En ce qui concerne la décision fixant le pays de destination :
M. A… reprend en appel les moyens qu’il avait invoqués en première instance, tirés de ce que la décision fixant le pays de destination serait illégale par voie de conséquence de l’illégalité de l’obligation de quitter le territoire français et du refus de délai de départ volontaire et de la méconnaissance de l’article 3 de la convention européenne de sauvegarde des droits de l’homme et des libertés fondamentales. Il y a lieu d’écarter ces moyens par adoption des motifs retenus à bon droit par le tribunal.
En ce qui concerne l’interdiction de retour sur le territoire français :
En premier lieu, s’il vit depuis huit ans en France après y avoir séjourné quand il était mineur, M. A…, âgé de soixante ans, est divorcé et sans enfant. Le requérant ne justifie d’aucune insertion sociale ni professionnelle et n’apporte aucun élément démontrant que sa sœur serait la seule personne à pouvoir lui fournir l’assistance dont il a besoin pour les gestes de la vie quotidienne. Par suite, le requérant n’est pas fondé à soutenir que l’interdiction de retour sur le territoire français méconnaitrait l’article 8 de la convention européenne de sauvegarde des droits de l’homme et des libertés fondamentales. Pour les mêmes motifs, il n’est pas davantage fondé à soutenir que cette décision serait entachée d’une erreur manifeste d’appréciation de ses conséquences sur sa situation personnelle, ni d’une erreur de fait sur l’existence d’une circonstance particulière justifiant que l’autorité administrative n’édicte pas d’interdiction de retour.

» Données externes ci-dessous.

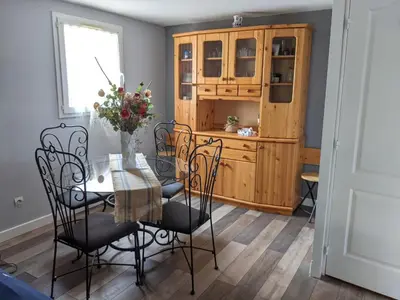 a dining room with a table and chairs and a wooden cabinet at Belle villa climatisée T3 avec mezzanine, jardin arboré, garage et à 900m de la plage, 6/7 personnes - FR-1-797-36 in Port-la-Nouvelle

En second lieu, M. A… reprend en appel les moyens qu’il avait invoqués en première instance, tirés de ce que l’interdiction de retour sur le territoire français est illégale par voie de conséquence de l’illégalité de l’obligation de quitter le territoire français et du refus de délai de départ volontaire, du défaut d’examen particulier de sa situation, de la méconnaissance des articles L. 612-6 et L. 612-10 du code de l’entrée et du séjour des étrangers et du droit d’asile et de son caractère disproportionné. Il y a lieu d’écarter ces moyens par adoption des motifs retenus à bon droit par le tribunal.
Il résulte de tout ce qui précède que M. A… n’est pas fondé à soutenir que c’est à tort que, par le jugement attaqué, le tribunal administratif de Lyon a rejeté sa demande.
Sur les conclusions à fin d’injonction :
Le présent arrêt rejetant les conclusions à fin d’annulation de M. A… et n’appelant, dès lors, aucune mesure d’exécution, ses conclusions à fin d’injonction doivent également être rejetées.
Sur les frais liés au litige :
Les dispositions de l’article L. 761-1 du code de justice administrative font obstacle à ce que soit mis à la charge de l’Etat, qui n’est pas partie perdante dans la présente instance, le versement d’une somme au titre des frais exposés et non compris dans les dépens.
D E C I D E :
Article 1er :
La requête de M. A… est rejetée.
Article 2 :
Le présent arrêt sera notifié à M. B… A… et au ministre de l’intérieur.
Copie en sera adressée au préfet de l’Ain.
Délibéré après l’audience du 6 janvier 2026 à laquelle siégeaient :
M. Jean-Yves Tallec, président de chambre,
Mme Aline Evrard, présidente-assesseure,
Mme Vanessa Rémy-Néris, première conseillère.
Rendu public par mise à disposition au greffe le 21 janvier 2026.
La rapporteure,
Aline EvrardLe président,
Jean-Yves Tallec
La greffière,
Péroline Lanoy
La République mande et ordonne au ministre de l’intérieur en ce qui le concerne ou à tous commissaires de justice à ce requis en ce qui concerne les voies de droit commun contre les parties privées, de pourvoir à l’exécution de la présente décision.